Cependant, cela m'étonne M. Razon que vous repreniez ce terme « isolés », pour qualifier ces groupes amérindiens.
>>>Isolés : séparés des autres.
Ces groupes amérindiens ne sont pas isolés. Ils sont en contact avec d'autres groupes amérindiens. L'échange est la base de la survie des sociétés.
Qu'ils aient décidé de fuir le contact avec les blancs est autre chose.
Et puisque vous faites un peu de pub à la fin de votre article, n'oublions pas les autres associations ou ONG qui militent dans ce sens.
Par exemple le CSIA :
http://www.csia-nitassinan.org/
De Lirwa
20H31 | 05/06/2008 |
Juste une petite remarque sur l'emploi du mot « indigène ».
Si ce terme peut être utilisé en anglais (« indigenes »), il n'est pas correct en français (un peu comme le mot « race »).
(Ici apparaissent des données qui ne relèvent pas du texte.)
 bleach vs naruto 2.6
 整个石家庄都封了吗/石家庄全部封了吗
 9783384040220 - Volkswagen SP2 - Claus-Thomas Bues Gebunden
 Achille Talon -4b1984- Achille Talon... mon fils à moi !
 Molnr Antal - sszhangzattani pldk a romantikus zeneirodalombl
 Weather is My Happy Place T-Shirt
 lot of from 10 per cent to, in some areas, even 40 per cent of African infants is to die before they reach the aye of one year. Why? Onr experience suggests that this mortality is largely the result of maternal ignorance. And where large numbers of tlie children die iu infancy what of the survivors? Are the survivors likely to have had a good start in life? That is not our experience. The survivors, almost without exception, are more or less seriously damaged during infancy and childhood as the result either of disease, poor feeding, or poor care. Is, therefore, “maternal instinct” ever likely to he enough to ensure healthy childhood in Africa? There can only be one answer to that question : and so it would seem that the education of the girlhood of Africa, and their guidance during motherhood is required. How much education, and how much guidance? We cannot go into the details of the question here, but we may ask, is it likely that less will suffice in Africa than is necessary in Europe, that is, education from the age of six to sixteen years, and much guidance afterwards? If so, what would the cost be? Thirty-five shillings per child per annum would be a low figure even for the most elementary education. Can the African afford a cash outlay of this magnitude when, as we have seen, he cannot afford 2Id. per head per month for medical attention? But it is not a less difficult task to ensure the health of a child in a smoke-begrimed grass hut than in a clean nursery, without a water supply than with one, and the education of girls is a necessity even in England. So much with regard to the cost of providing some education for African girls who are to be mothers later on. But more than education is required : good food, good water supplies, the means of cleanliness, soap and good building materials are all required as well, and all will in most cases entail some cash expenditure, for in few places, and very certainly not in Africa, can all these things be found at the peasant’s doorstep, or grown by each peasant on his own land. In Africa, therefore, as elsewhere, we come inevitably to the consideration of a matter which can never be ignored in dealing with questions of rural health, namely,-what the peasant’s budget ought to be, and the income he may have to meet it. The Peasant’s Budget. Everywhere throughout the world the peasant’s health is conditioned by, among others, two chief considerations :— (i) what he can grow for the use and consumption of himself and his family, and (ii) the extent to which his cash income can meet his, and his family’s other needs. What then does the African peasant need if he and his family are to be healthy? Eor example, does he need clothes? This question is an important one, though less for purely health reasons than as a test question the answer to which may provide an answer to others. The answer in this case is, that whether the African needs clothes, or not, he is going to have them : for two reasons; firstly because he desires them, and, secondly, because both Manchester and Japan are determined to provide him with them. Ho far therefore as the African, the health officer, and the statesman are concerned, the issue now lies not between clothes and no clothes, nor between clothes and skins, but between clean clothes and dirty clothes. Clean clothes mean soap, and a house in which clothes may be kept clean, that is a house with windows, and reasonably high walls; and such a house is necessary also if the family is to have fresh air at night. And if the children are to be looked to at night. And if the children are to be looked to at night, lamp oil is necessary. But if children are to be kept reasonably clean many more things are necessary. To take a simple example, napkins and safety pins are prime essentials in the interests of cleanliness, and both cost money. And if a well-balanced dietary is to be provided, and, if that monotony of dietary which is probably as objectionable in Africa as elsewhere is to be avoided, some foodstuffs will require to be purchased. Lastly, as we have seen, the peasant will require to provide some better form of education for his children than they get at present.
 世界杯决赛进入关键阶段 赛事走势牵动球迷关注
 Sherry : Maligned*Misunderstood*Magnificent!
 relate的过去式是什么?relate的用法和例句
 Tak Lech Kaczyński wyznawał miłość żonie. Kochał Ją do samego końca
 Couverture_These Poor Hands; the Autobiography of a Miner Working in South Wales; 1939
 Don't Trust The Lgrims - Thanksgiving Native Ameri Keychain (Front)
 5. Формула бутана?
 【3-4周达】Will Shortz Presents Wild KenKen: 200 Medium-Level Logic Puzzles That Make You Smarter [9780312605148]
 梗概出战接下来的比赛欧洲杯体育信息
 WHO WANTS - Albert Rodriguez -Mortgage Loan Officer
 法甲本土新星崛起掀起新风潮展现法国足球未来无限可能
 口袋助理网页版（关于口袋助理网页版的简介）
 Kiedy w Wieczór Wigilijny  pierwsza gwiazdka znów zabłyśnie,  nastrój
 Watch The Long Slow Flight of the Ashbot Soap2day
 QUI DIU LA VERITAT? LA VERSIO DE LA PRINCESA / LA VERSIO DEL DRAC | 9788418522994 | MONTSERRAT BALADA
Il a une connotation coloniale forte.
à Lirwa
De quetzal2012
enseignant précaire | 22H33 | 05/06/2008 |
On sait combien les mots utilisés en disent long sur la manière dont on considère un fait, une idée ou un peuple :
En l'occurence le mot « indigène » se compose des éléments latins « gena » et « indu », c'est-à-dire, né, issu (gène) de l'intérieur, le mot indigène désigne étymologiquement celui qui est du pays, et c'est ainsi qu'il apparaît chez Rabelais avec pour contraire le mot exotique.
En revanche son sens premier a effectivement été connoté péjorativement depuis la conquête de l'Amérique et les systèmes coloniaux, il désignait alors généralement des personnes non européennes, par opposition aux explorateurs, aux colons ou aux conquérants européens, ou encore des descendants des premiers par rapport aux descendants des seconds, même après plusieurs générations.
http://alternativealaconstipationdelapensee.blogspot.com
à Lirwa
De richelieu94
09H07 | 06/06/2008 |
« Indigène » (au contraire de race) est un terme scintifique qui est souvent utilisé dans les sciences humaines (ethno, géo) pour désigner l'habitant du cru… il n'a pas plus de dfimension péjorative qu » autochtone… Nous sommes nous mêmes les indigènes de nos lieux de vie.
De all
20H42 | 05/06/2008 |
« Leur hostilité vis-à-vis des étrangers est cependant tout à fait compréhensible[..] »
Cette xénophobie est absolument intolérable.
à all
De sobriquet
Courageux anonyme | 00H09 | 06/06/2008 |
Oui, c'est honteux, on devrait leur envoyer une délégation pour leur montrer que nous sommes des êtres fréquentables, avec une culture passionnante et un savoir-vivre incontestable. Et leur vendre une ou deux centrales nucléaires.